Adopté par le Parlement à une écrasante majorité en août 2014, ce projet de loi fait l’objet d’amendements, comme l’a recommandé le Conseil des gardiens, organe qui doit l’approuver avant qu’il ne soit promulgué.

« En supprimant les programmes de planning familial et en bloquant l’accès à des services vitaux de santé en matière de sexualité et de procréation, les autorités exposeraient les femmes à de graves risques et bafoueraient leurs droits humains, a déclaré Hassiba Hadj Sahraoui.

« Les pouvoirs publics doivent continuent de financer des programmes globaux de planning familial pour que toutes les femmes aient accès à des moyens, des services et des informations de qualité en matière de contraception. »

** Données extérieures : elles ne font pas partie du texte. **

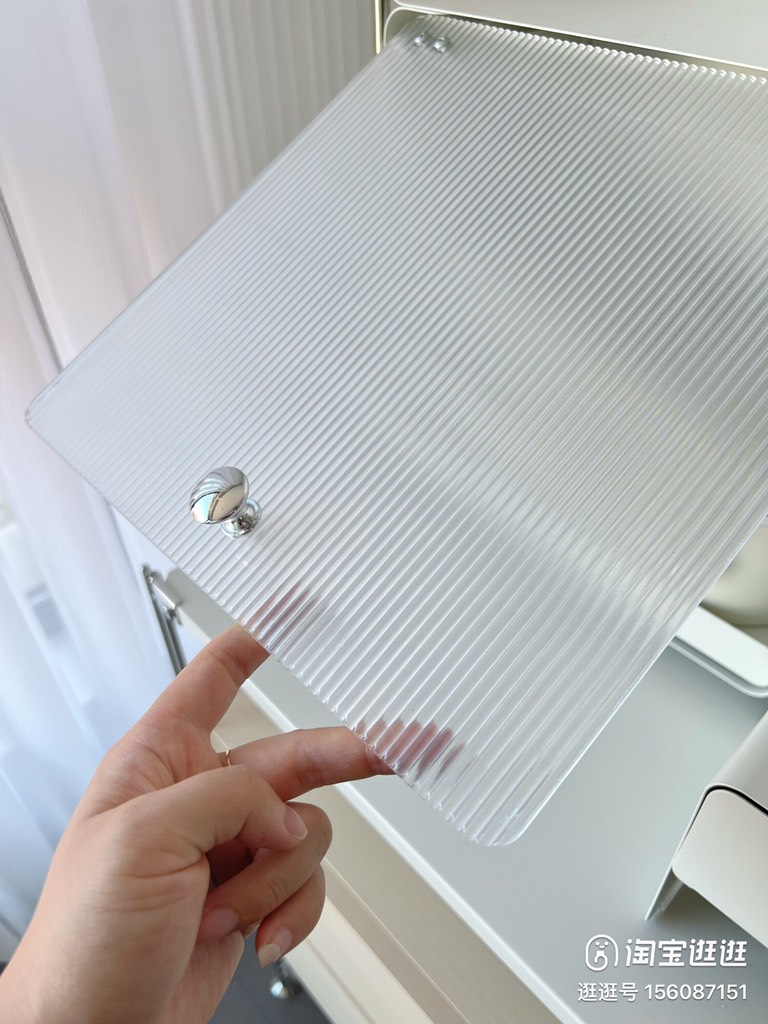 GIÁ KỆ ĐỰNG ĐỒ CAO CẤP YUNWU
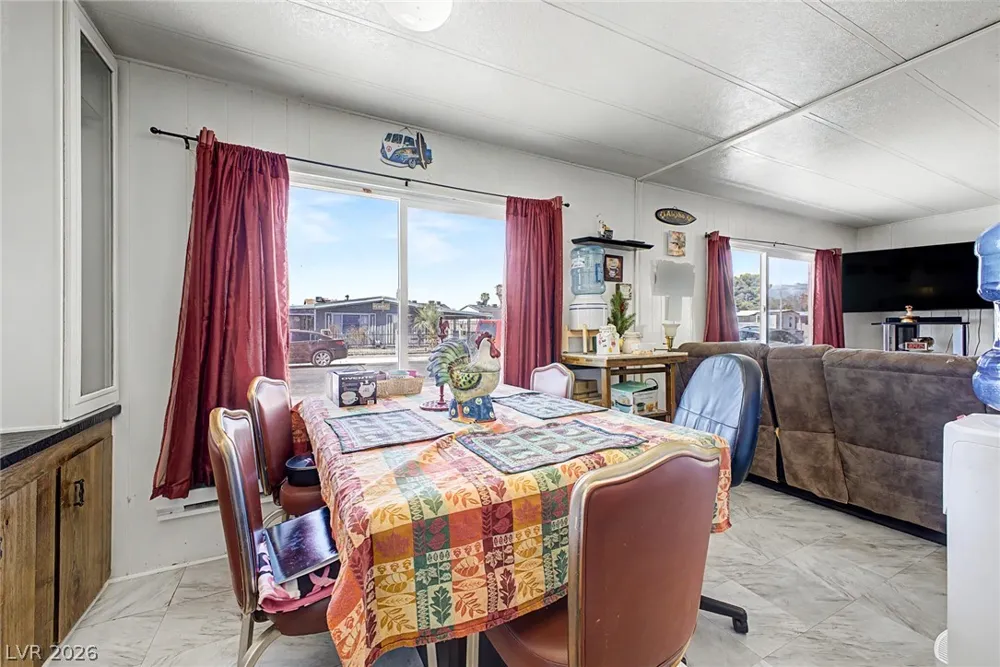 3802 Pecan Lane Las Vegas, NV 89115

Dans le cas contraire, les femmes n’auront d’autre choix que de mener à terme leur grossesse, même non désirée, ou de mettre en péril leur vie et leur santé en ayant recours à des avortements clandestins.

Les avortements pratiqués dans des conditions peu sûres comptent parmi les premières causes de mortalité maternelle dans le monde. Selon l’Organisation mondiale de la santé (OMS), en 2008, 47 000 femmes en sont mortes et cinq millions ont souffert de complications.

Le Projet de loi global sur la population et l’exaltation de la famille (n° 315), qui doit être débattu au Parlement en avril, renforcerait la discrimination liée au genre, notamment à l’égard des femmes qui font le choix de ne pas se marier et de ne pas avoir d’enfant, ou qui ne le peuvent pas. Ce texte de loi enjoint à tous les organismes privés et publics, lorsqu’ils recrutent à certains postes, d’accorder la priorité, dans l’ordre, aux hommes ayant des enfants, aux hommes mariés sans enfant et aux femmes mariées ayant des enfants. En outre, ce texte rend plus difficile le divorce et décourage l’intervention de la police et de la justice dans les conflits au sein de la famille, accroissant le risque de violences conjugales.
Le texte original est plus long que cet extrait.